Bunun üzerine Şükiman Topaykök’ü söylemeye başladı. Söylerkenki haşmetli sesi şarkıyı gayriihtiyari mayalıyordu. İpek gibi yumuşakça çevrilen ayrı bir nağme bulmuştu. Bu şarkı Abay’a dünyadan bir şarkı gibi değil, belki de hayatta hiç görülmemiş bir endam, hiç işitilmemiş bir sır esintisi gibi geldi. Diğer yiğitlere tanıdık gelse de Topaykök daha önce kendisine böyle bir sesle, tam da bu şekilde cana can verircesine, insanın içini genişletircesine güzel gelmemişti. Abay tapınırcasına uyuşup kendinden geçerek dinledi.

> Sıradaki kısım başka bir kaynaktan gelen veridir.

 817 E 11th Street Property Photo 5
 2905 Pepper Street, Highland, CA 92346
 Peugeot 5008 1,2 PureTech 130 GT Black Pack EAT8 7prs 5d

Sadece bir an gözü Şükiman’ın yüzüne takılmıştı. Güzel genç kız artık çekinmiyordu. Bütün duygulu yüreğiyle, fidan gibi boyuyla şarkının melodisine kapılmıştı. İncecik kaşları bazen azıcık çatılıyor, bazen gerilerek yükseliyor, iç dünyasındaki duyguların efil efil esintisini sergiliyordu.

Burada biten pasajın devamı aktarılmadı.